Diabroticina (Chrysomelidae: Galerucinae: Luperini) beetles were sampled under field conditions on two host plants of the family Cucurbitaceae, Cucurbita okeechobeensis ssp. martinezii L. Bailey (bitter, wild cucurbit) and C. moschata (Lam.) Poiret (non bitter, cultivated cucurbit). Seventeen species of Diabroticina were collected. Acalymma blomorum Munroe & Smith was the most abundant species on both host plants. The only parasitoid found was Celatoria compressa Wulp (Diptera: Tachinidae). This parasitoid attacked more beetle species on the cultivated cucurbit (65%) than on the bitter cucurbit (20%). However, the percentages of parasitism observed in all species were low (0.4% to 12.5%). These data suggest that host plant species might have an effect on parasitism.

Diabroticina (Chrysomelidae: Galerucinae: Luperini) are native to Mexico and Central America (Webster 1895). Few data, however, are published on host plant associations (Eben & Espinosa de los Monteros 2003) and natural enemies from this area (Eben & Barbercheck 1996).

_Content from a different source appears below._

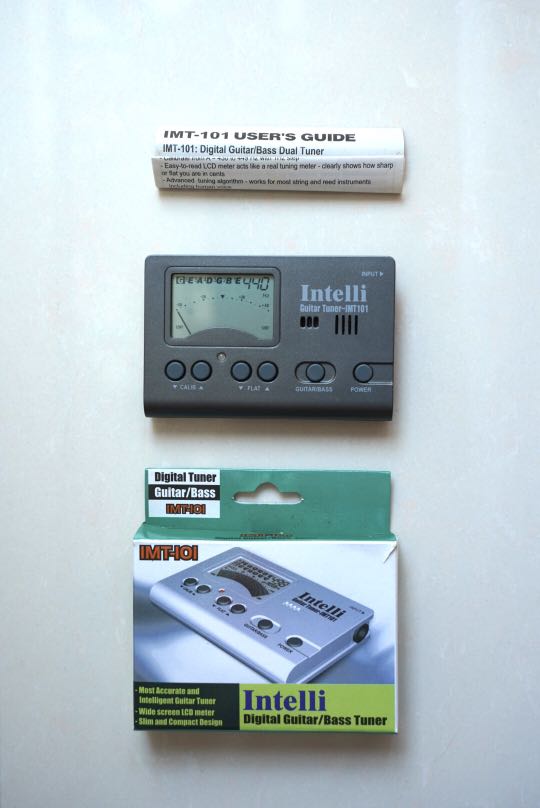 韓國製 Intelli Digital Guitar / Bass Tuner 結他電子調音器, 興趣及遊戲, 音樂樂器 & 配件, 樂器配件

In the Diabroticites (subtribe Diabroticina), the association of a number of species with plants in the family Cucurbitaceae is a well-known example for the effect of plant secondary chemistry on a plant-insect interaction (Chambliss & Jones 1966; Howe et al. 1976; Metcalf et al. 1982; Metcalf 1986). Host preferences of Diabroticites are strongly influenced by the presence of cucurbitacins (tetracyclic triterpenoids) in many wild cucurbit hosts. These non-volatile secondary compounds act as arrestants and feeding stimulants for these beetles (Chambliss & Jones 1966; Metcalf & Lampman 1989).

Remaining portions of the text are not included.